Returning a generic lambda expression from a function causes compiler warnings if an explicit return type is given

Question

I have a function whose return type is a simple generic lambda expression. (The lambda returned by this function is eventually passed as an argument to STL algorithms like std::transform() or std::accumulate().)

When the lambda does not have an explicit return type, the compiler emits no warnings:

inline auto AccumulateInto() {
    return [](const auto& src, const auto& dst) {return dst + src; };
}

When the lambda has an explicit return type specified:

inline auto AccumulateInto() {
    return [](const auto& src, const auto& dst) -> decltype(dst) {return dst + src; };
}

both compilers emit these similar warnings:

GCC: returning reference to temporary [-Wreturn-local-addr]

MSVC: returning address of a local variable or temporary

Should this warning be heeded because it indicates a shortcoming in the approach (possible undefined behavior!) and should be refactored? or are they "noise"?

I can't determine why specifying the return type explicitly would cause the returned expression to be a "temporary" when it wouldn't be otherwise. Please explain, thanks!

EDIT (to add more context):

The desire to use auto arguments to the lambda is that src and dst might be different types (e.g. one is std::uint8_t and one is std::uint_16t), but I want the return to ALWAYS be the same type as the dst argument, regardless of the type of src.

Answer 1

The point is that decltype(dst) is auto const & (where you can see auto as a template type`, so the lambda return a reference (I repeat: a reference) to a constant object.

The problem is that is a reference to

dst + src

that is: a reference to a temporary value, the temporary object created from the operation dst + src, that doesn't exist anymore when the lambda conclude the execution.

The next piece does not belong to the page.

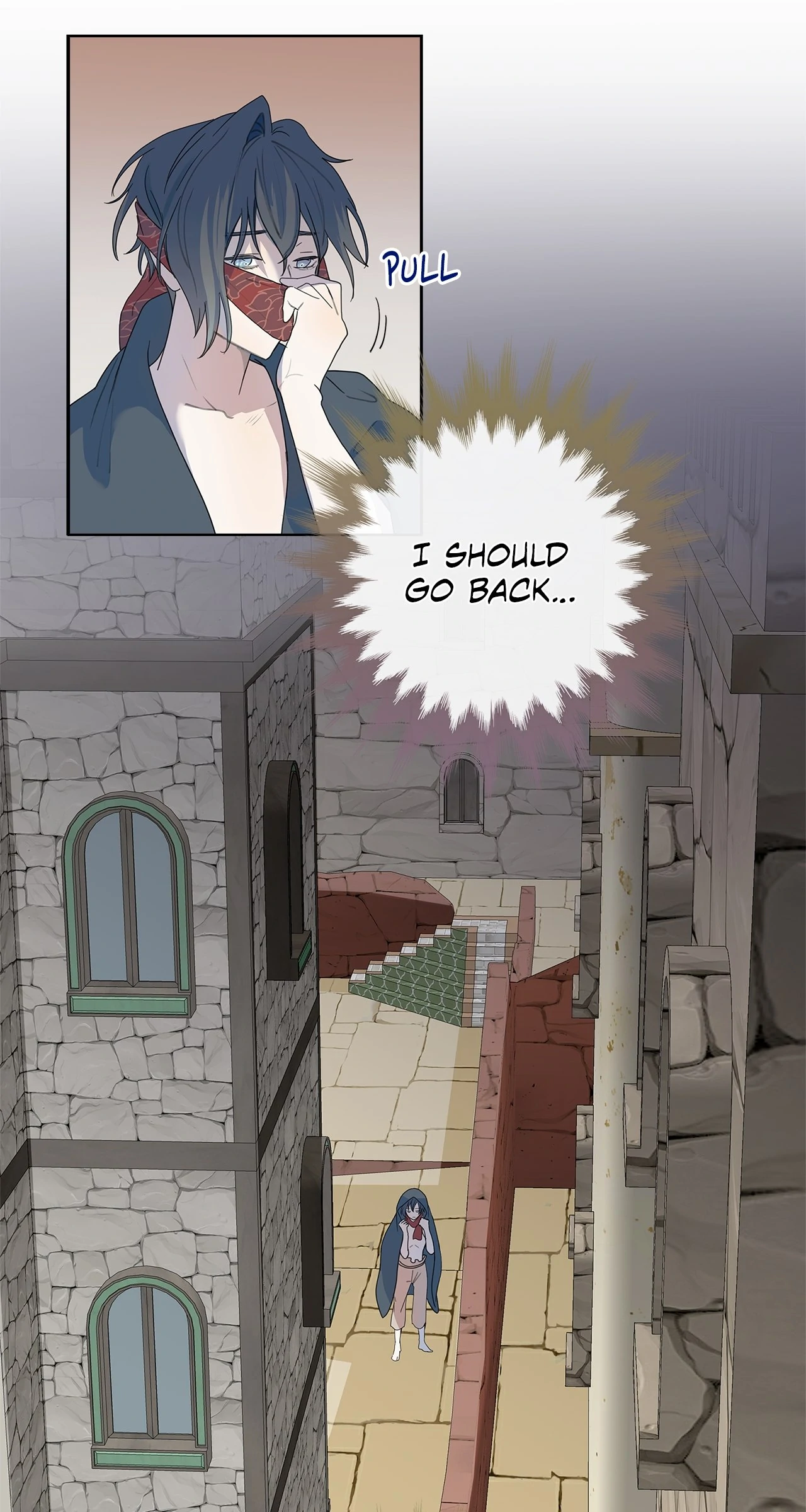 Bloody Moon [Official] - Chapter 3 manhwa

A possible solution: remove -> decltype(dst) or change it to -> decltype(dst+src), so you return a value, not a reference.

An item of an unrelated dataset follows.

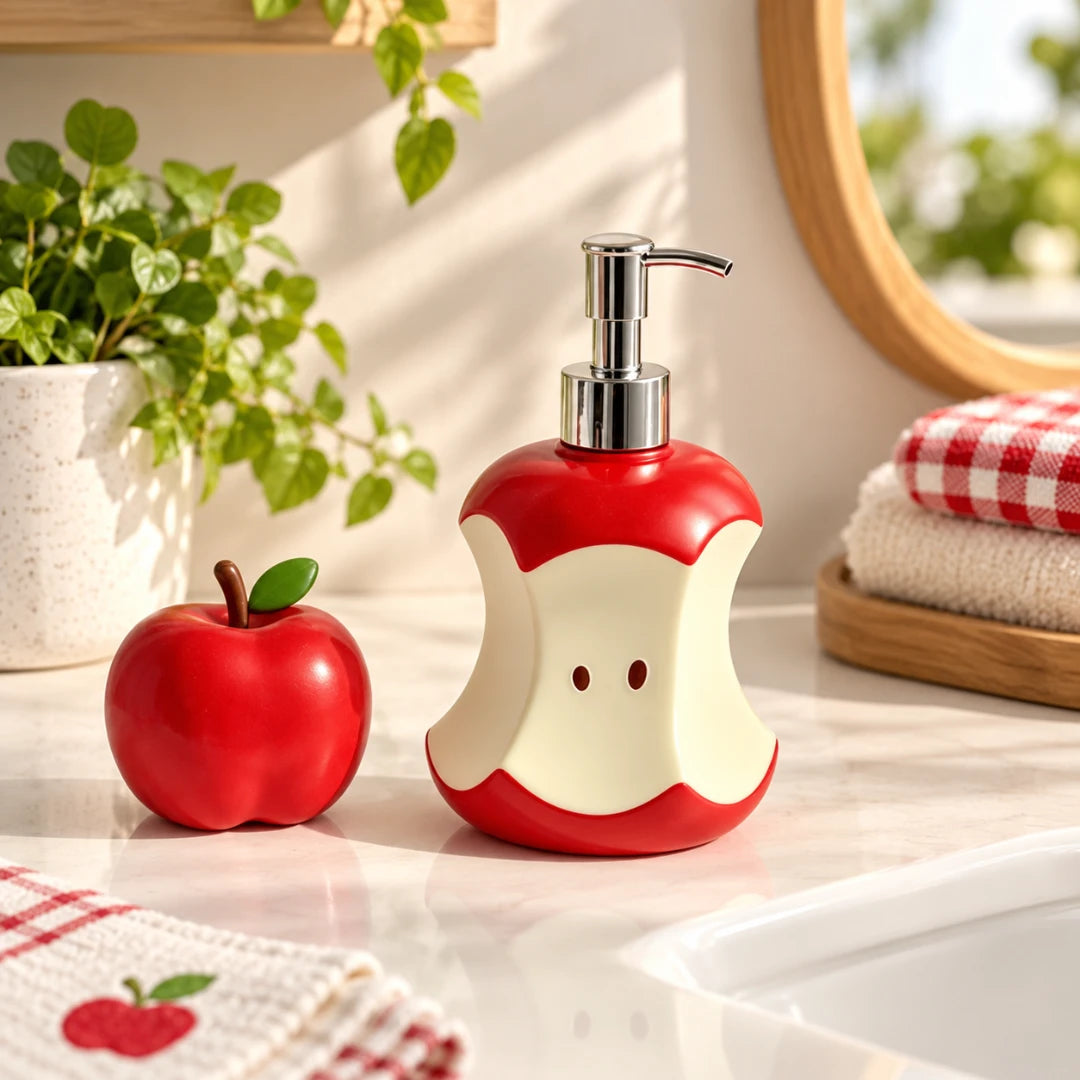 AppleBite™ Soap Dispenser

Another way (require more typewriting in this case but can be prefereble in more complex cases) could be remove the reference part from the type returned from decltype().

So

-> std::remove_reference_t<decltype(dst)>

or, as suggested by Jarod42, also

-> std::decay_t<decltype(dst)>

If the type of dst support the unary operator + (returning the same type of dst), another simple solution can be

-> decltype(+dst)

This way, +dst is an expression, not a variable, so decltype(+dst) isn't a reference anymore.